**Prompt**
Return all the entries word for word, minus the pictures.

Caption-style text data
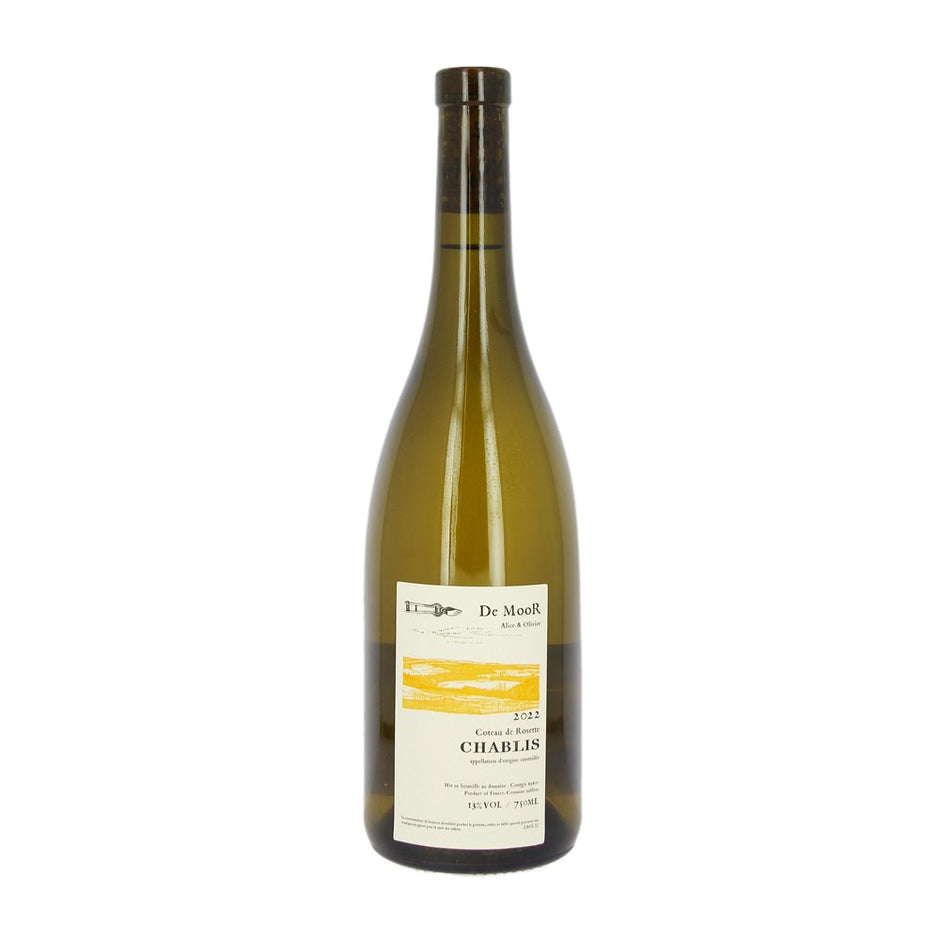 Coteau de rosette - Chablis - Alice et Olivier De Moor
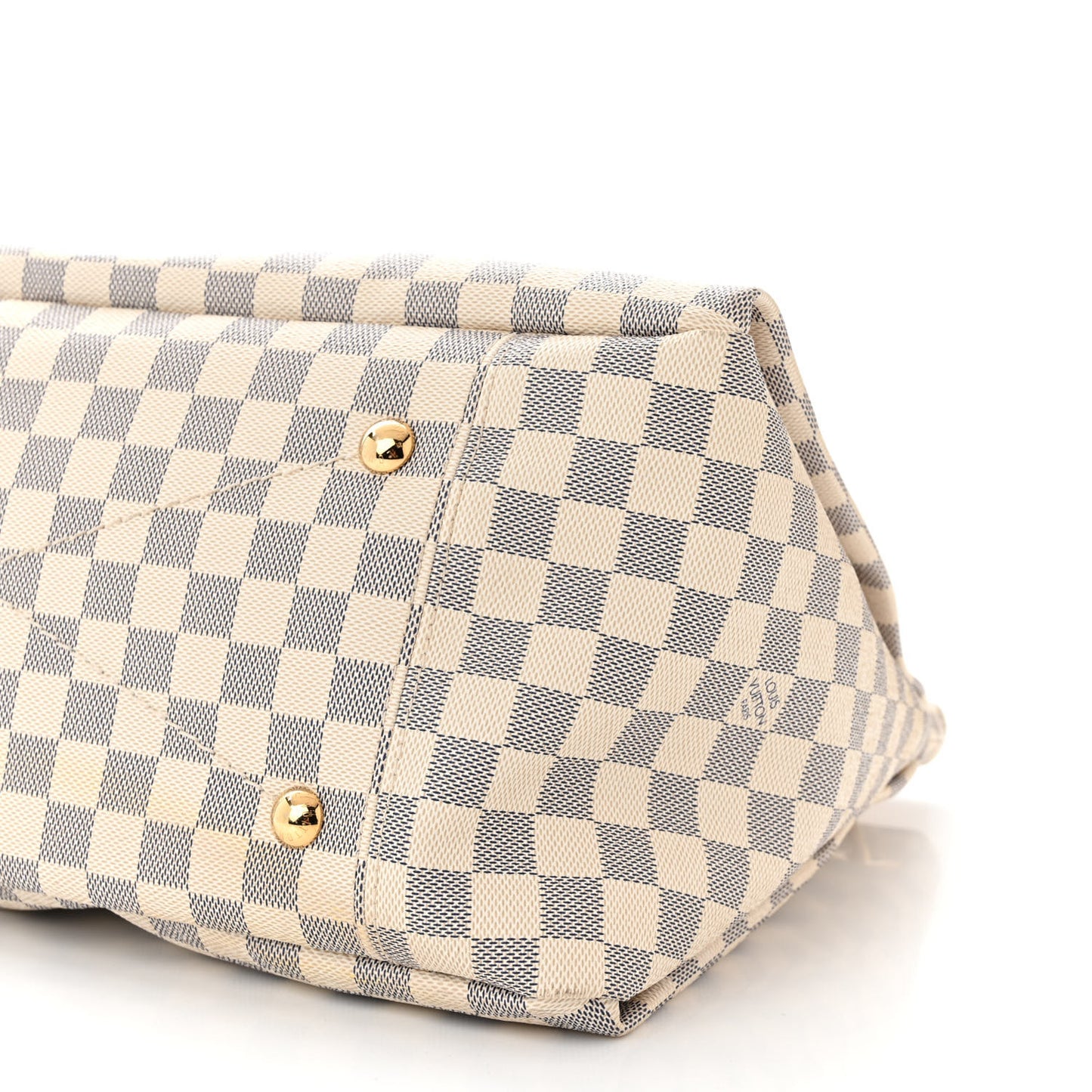 Damier Azur Artsy MM
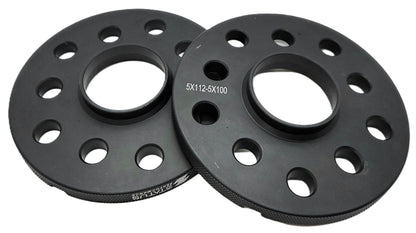 57.1 - 5x100/5x112 Hubcentric Wheel Spacers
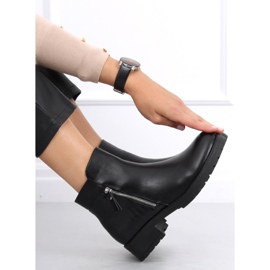 Naisten Chelsea -saappaat Kora Black musta 2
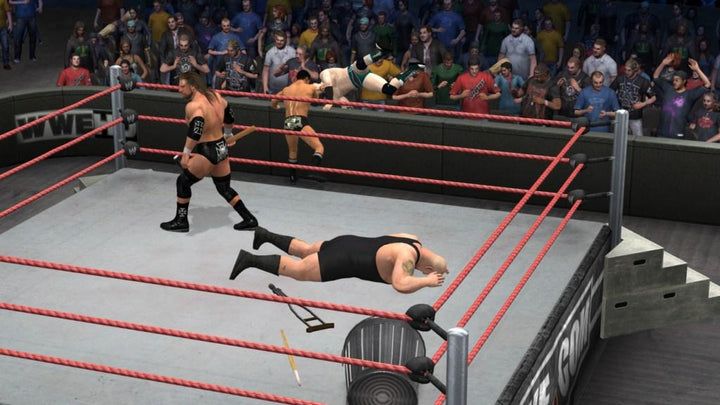 WWE SmackDown vs. Raw 2011 - Jeu Xbox 360 (Retro Fam)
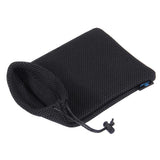 Universal Suction Cup Mount for Action Cameras with Tripod Adapter and Storage Bag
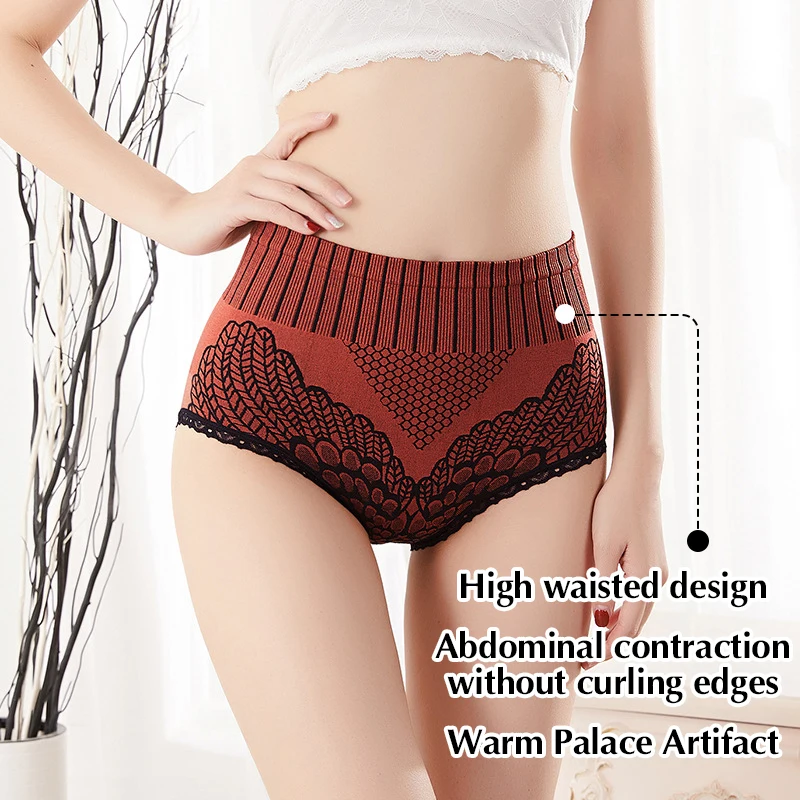 Seamless Panties Women Underwear High Waist Panties For Women Brief Hip Lift Underpanties Breathable Pant Lingerie Body Shaper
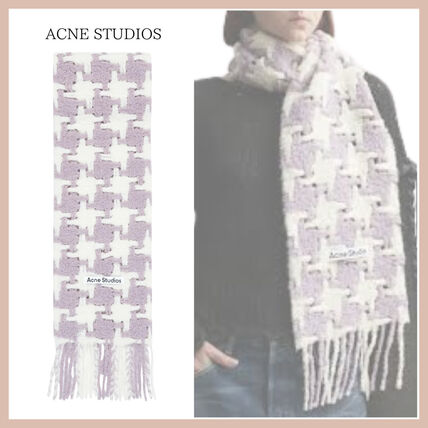 千鳥格子 Acne Studios(アクネストゥディオス) 雑貨・小物(レディース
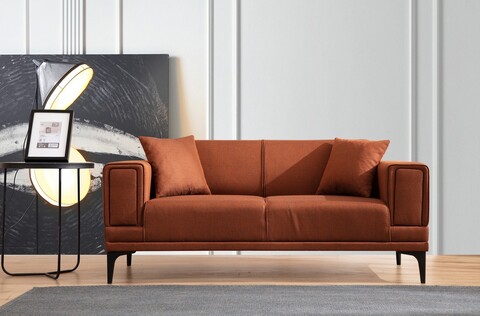 Canapea 2 locuri, Atelier del Sofa, 560ARE2259, Caramiziu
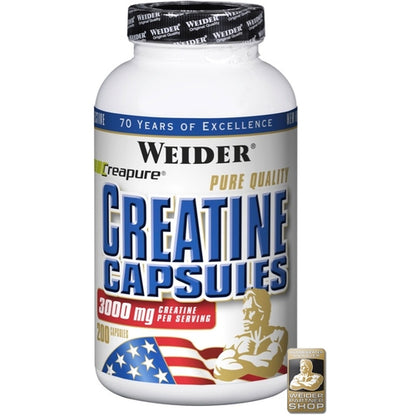 Weider Pure Creatine Creapure 200 Kapseln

**Task output**
 Coteau de rosette - Chablis - Alice et Olivier De Moor
 Damier Azur Artsy MM
 57.1 - 5x100/5x112 Hubcentric Wheel Spacers
 Naisten Chelsea -saappaat Kora Black musta 2
 WWE SmackDown vs. Raw 2011 - Jeu Xbox 360 (Retro Fam)
 Universal Suction Cup Mount for Action Cameras with Tripod Adapter and Storage Bag
 Seamless Panties Women Underwear High Waist Panties For Women Brief Hip Lift Underpanties Breathable Pant Lingerie Body Shaper
 千鳥格子 Acne Studios(アクネストゥディオス) 雑貨・小物(レディース
 Canapea 2 locuri, Atelier del Sofa, 560ARE2259, Caramiziu
 Weider Pure Creatine Creapure 200 Kapseln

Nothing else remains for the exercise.